Bookmark and Share

Notice: On March 31, it was announced that Statalist is moving from an email list to a forum. The old list will shut down on April 23, and its replacement, statalist.org is already up and running.


[Date Prev][Date Next][Thread Prev][Thread Next][Date Index][Thread Index]

Re: st: GLLAMM and rescaling sampling weights


From   Stas Kolenikov <skolenik@gmail.com>
To   statalist@hsphsun2.harvard.edu
Subject   Re: st: GLLAMM and rescaling sampling weights
Date   Thu, 23 Jun 2011 10:43:13 -0400

The advice on rescaling the weights is tangly at best. Pfeffermann et.
al. (1998, http://www.citeulike.org/user/ctacmo/article/711637) show
that the bias of the variance estimates depends on how you define your
weights. The question arises in the following situation: you have
sampling weights for PSUs, and you have separate sampling weights for
individuals within PSUs (which you don't have in DHS, so you can stop
reading here unless you are really curious about what Rabe-Hesketh and
Skrondal meant in that phrase).
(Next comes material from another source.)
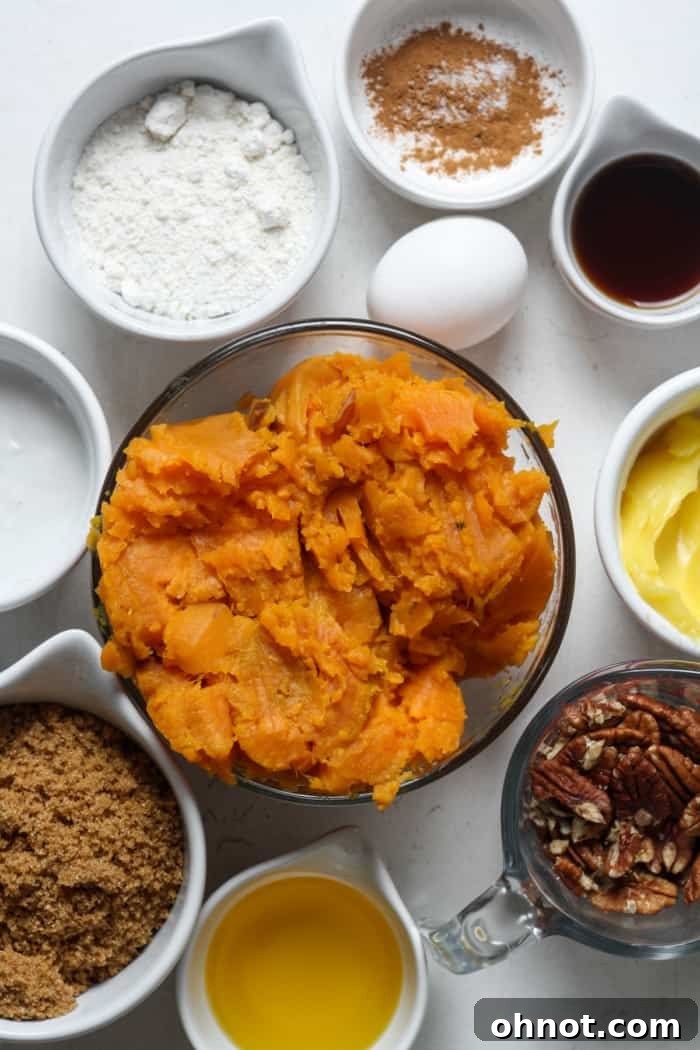 Fresh sweet potatoes, a bowl of chopped pecans, and other raw ingredients laid out on a kitchen surface for making the casserole.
Then there's been some inconclusive
research into the following options:

1. leave the individual weights as they are (summing up to the size of the PSU)

2. rescale them so that they sum up to the sample size (# of
observations sampled from a PSU)

3. rescale them to the so-called "effective" weights so that their
sums of squares equals the sample size. (In estimation of the variance
components, it is the squares of the weights that matter.)

Some papers claim the second option gives the least biased estimates;
others, that the third one is the way to go. Other re-weighting
options can be entertained, too. See Pfeffermann et. al. (1998) for
in-depth analysis. There were also papers by Asparouhov (the primary
programmer at Mplus) and Stapleton (multilevel researcher at UMBC),
but I am less convinced by these as they review the existing cook-book
recipes rather than try to provide a theory-based advice (unlike the
Pfeffermann's paper which does derive explicit small sample bias
expressions which are more complicated that just the sums of squares
of weights, and involve response variables, too).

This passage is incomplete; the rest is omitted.